まず「オカマ野郎」ですが、これは「アラビアのロレンス」ことトーマス・エドワード・ロレンスを指しているものと思われます。当時ロレンスが同性愛者だったという噂があり、映画『アラビアのロレンス』でもそれを示唆するシーンがあります。また軍曹がローレンスという名前について「気品ある名前、王族か?」と言っていますが、それはこのトーマス・エドワード・ロレンスが実際に貴族の家柄の出身であったため、こう質問しているのでしょう。
次に「水兵の名前」ですが、これはチャールズ・ローレンスを指しているのだと思います。チャールズ・ローレンスは旧日本軍の真珠湾攻撃で戦死した水兵の名前で、それに因み、1943年2月16日に護衛駆逐艦のネーム・シップとして命名されました。
つまり海兵隊にとって「ローレンス」とはイギリス陸軍の英雄や、アメリカ海軍の有名な戦死者とその艦名を連想させる「嫌な名前」なんですね。だからハートマン軍曹は「名前が気に喰わん!」と噛み付いているのでしょう。

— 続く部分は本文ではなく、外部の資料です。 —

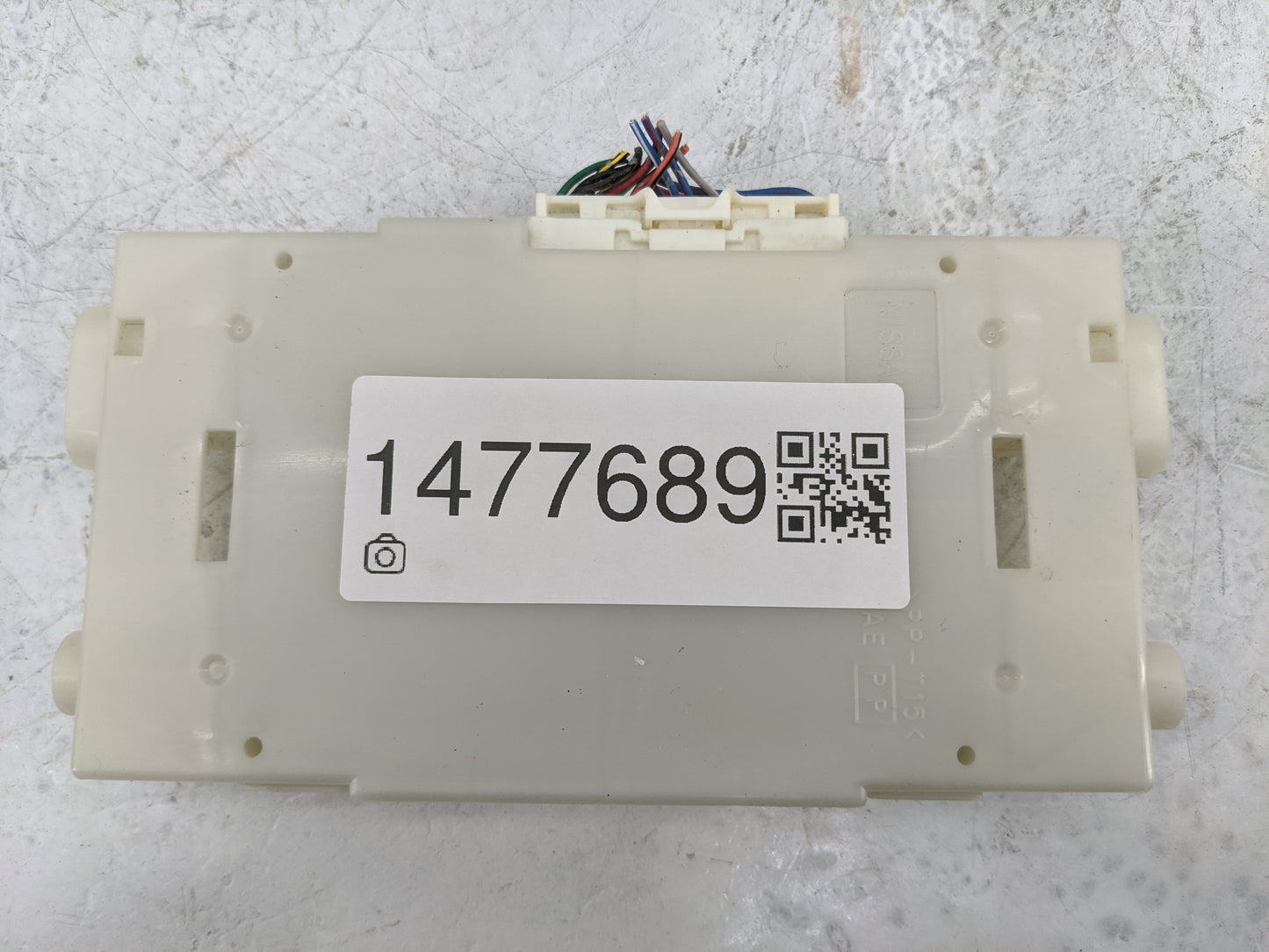 2011 Nissan Maxima Radio AM FM Cd Player Receiver Replacement P/N:27760 ZY80A 27760ZY80A-C Fits Fits 2010 2012 OEM Used Auto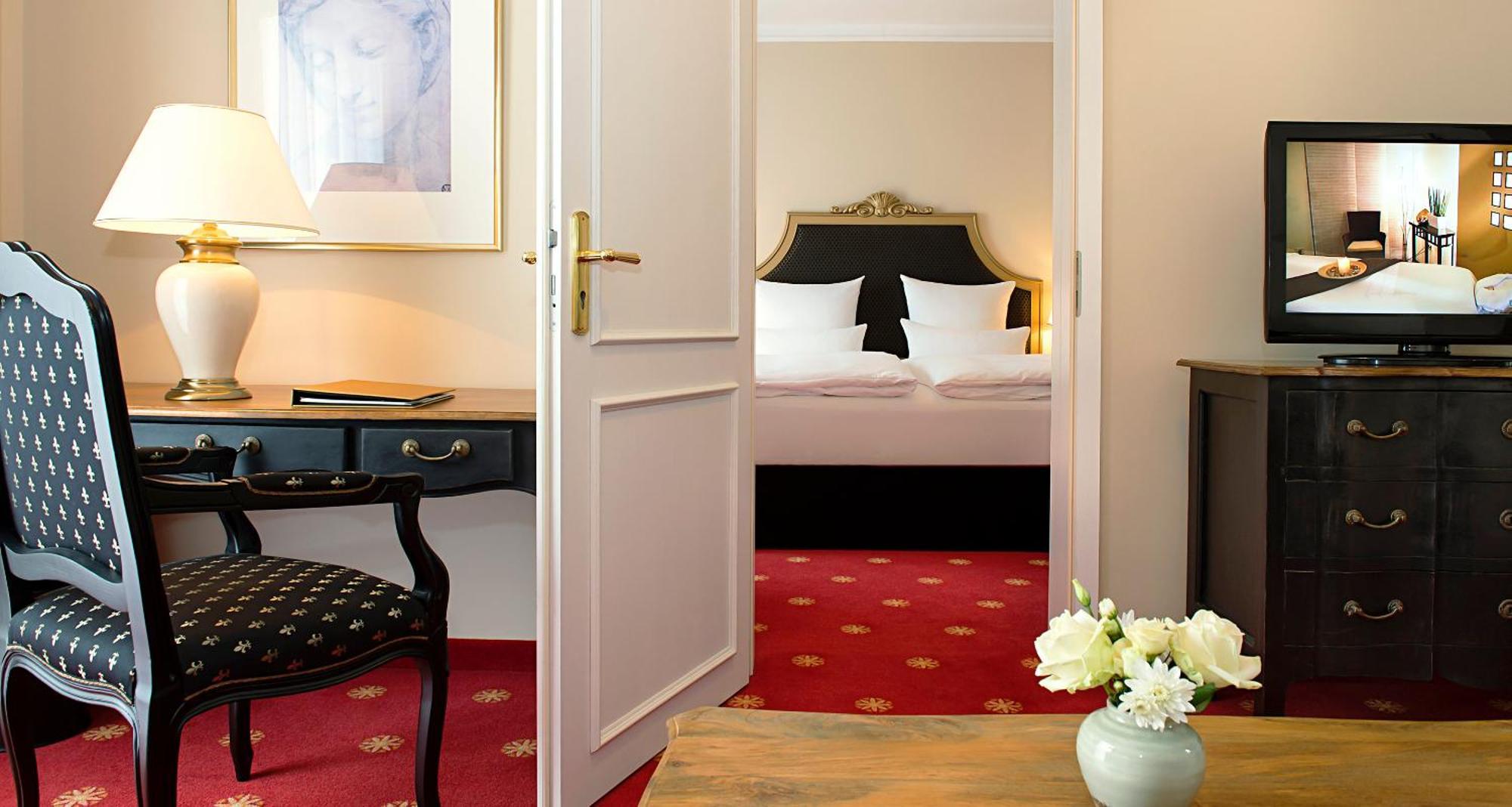 Victor'S Residenz-Hotel Schloss Berg Nennig Camera foto A suite at the Hotel de France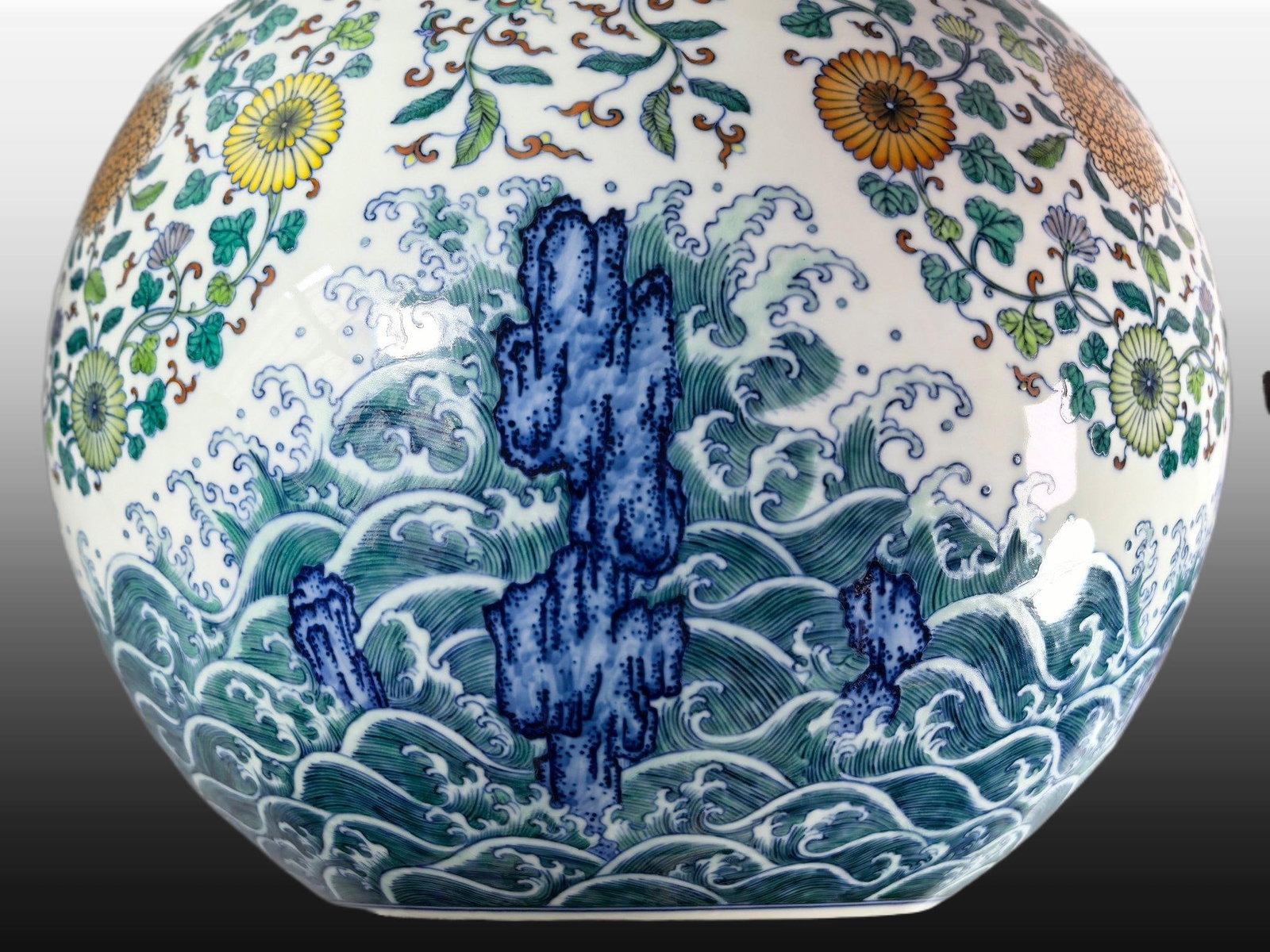 A Exquisite Doucai Flower Pattern Vase - 6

因に原作では「レナード・プラット」といういかにもどん百姓でマヌケな名前になってます。それを「レナード・ローレンス」に変えたのはこの罵詈雑言を使いたかったリー・アーメイが、キューブリックに進言したのかも知れません。海兵隊の訓練教官だったアーメイは実際にこの罵倒ネタを使ったことがあった可能性もあります。どちらにしても、いかにもハートマンらしい皮肉に満ちた罵詈雑言ですね。